▸ **DESCRIPTION OF THE TASK**
Take the lines from the one containing "给定一个包含多个分隔值的单元格，在不同的表中查找多个值" through the end of the material and write them out exactly, omitting pictures.

▸ **DATA FOR REVIEW**

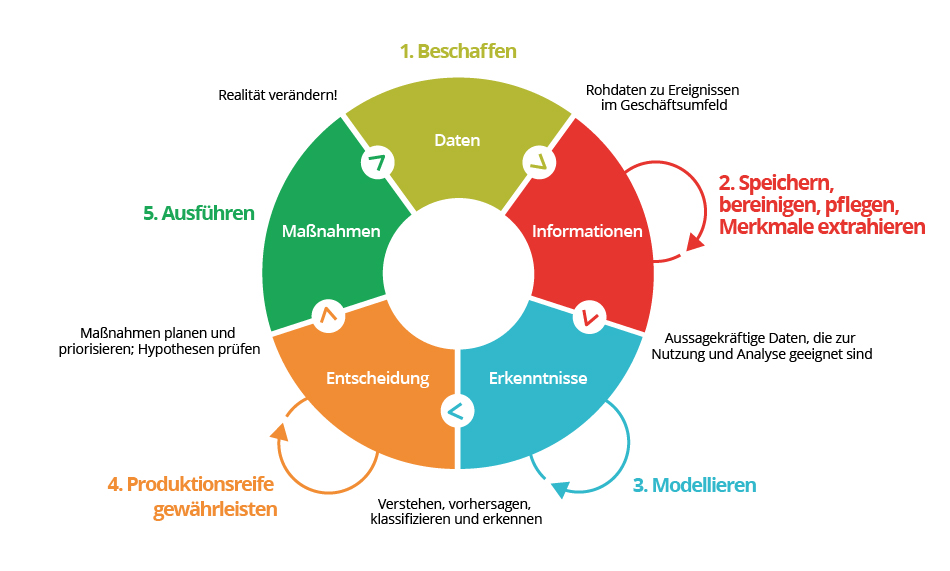 intelligent-enterprise-series-cd4ml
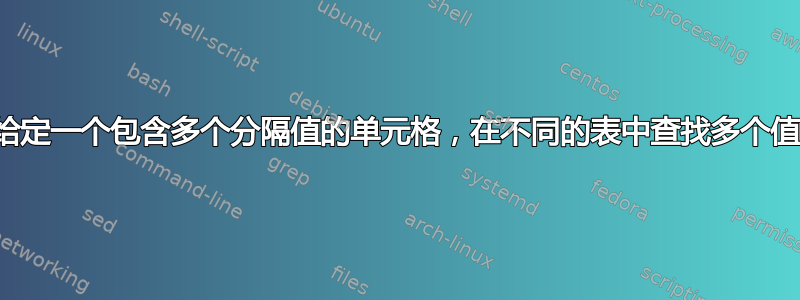 给定一个包含多个分隔值的单元格，在不同的表中查找多个值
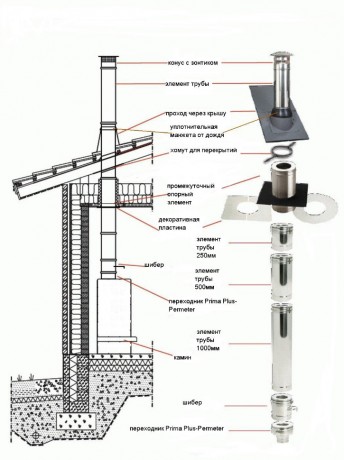 SCHIEDEL Permeter Насадной монтаж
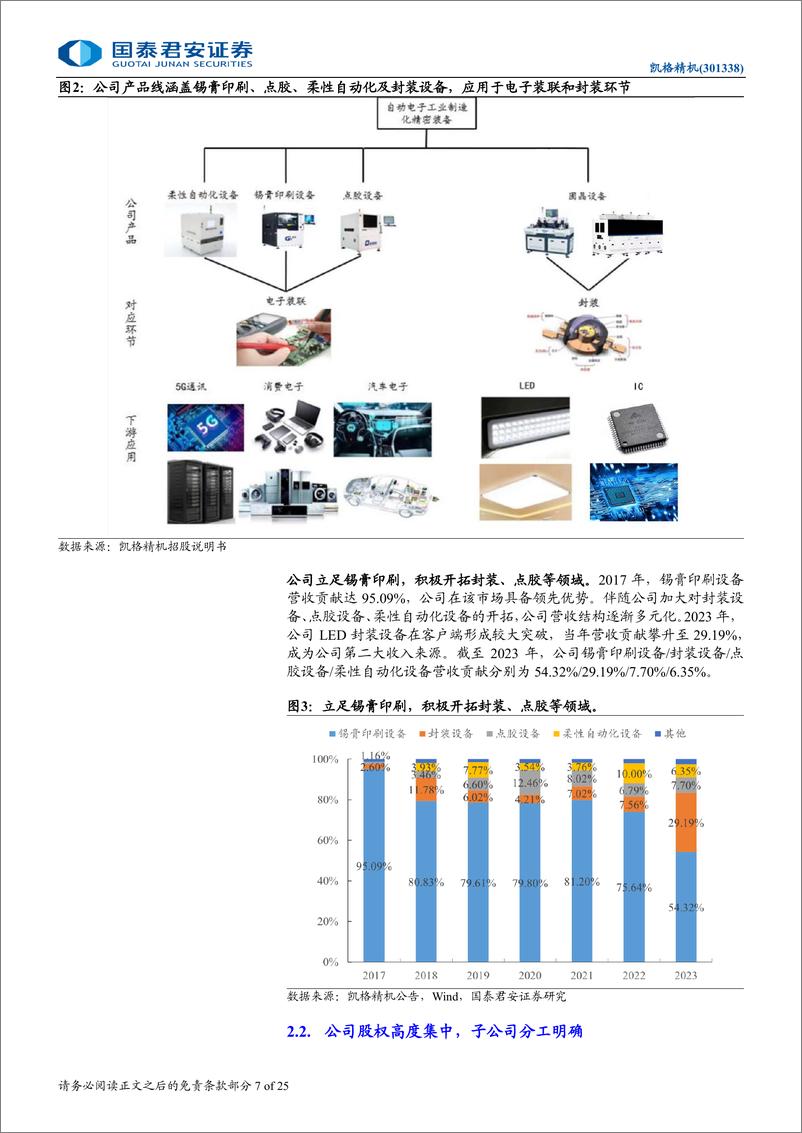 《凯格精机(301338)首次覆盖报告：锡膏印刷设备龙头，开拓点胶及封装设备-241219-国泰君安-25页》 - 第7页预览图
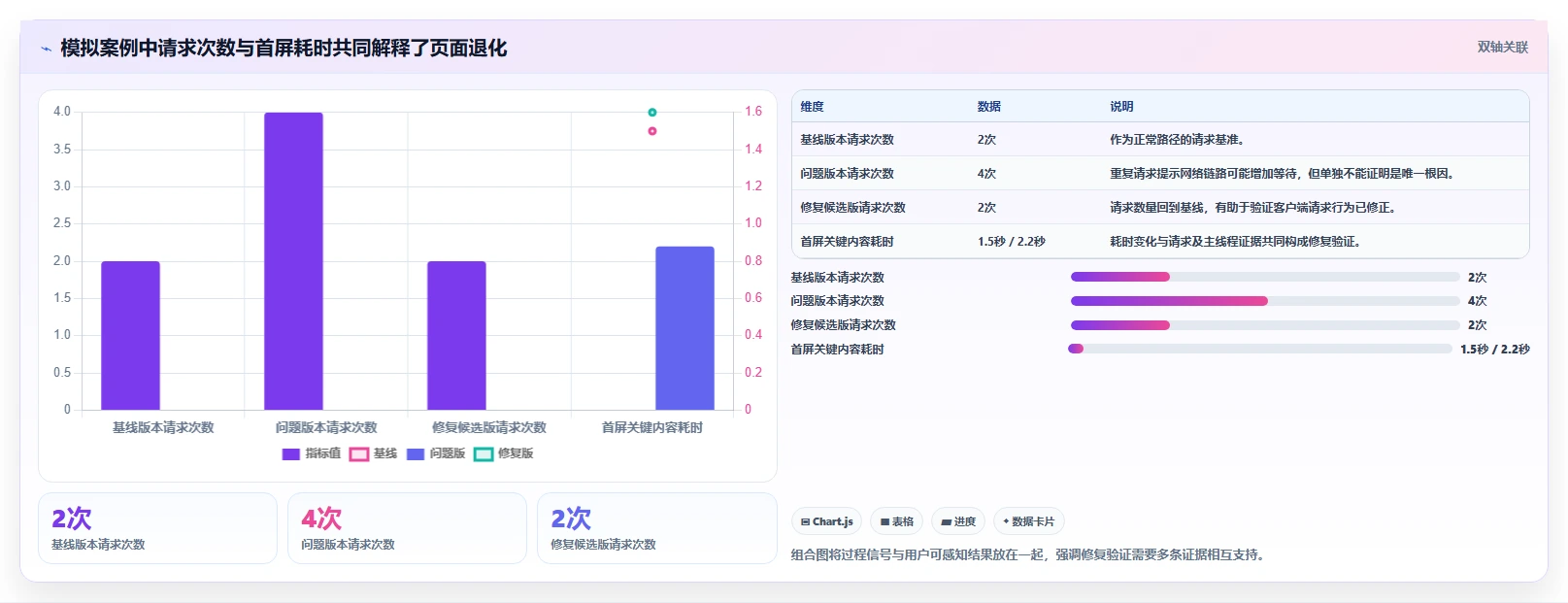 2026年必备:揭秘6款最强大的app性能测试工具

▸ **ANSWER AREA**
 给定一个包含多个分隔值的单元格，在不同的表中查找多个值
 SCHIEDEL Permeter Насадной монтаж
 《凯格精机(301338)首次覆盖报告：锡膏印刷设备龙头，开拓点胶及封装设备-241219-国泰君安-25页》 - 第7页预览图
 2026年必备:揭秘6款最强大的app性能测试工具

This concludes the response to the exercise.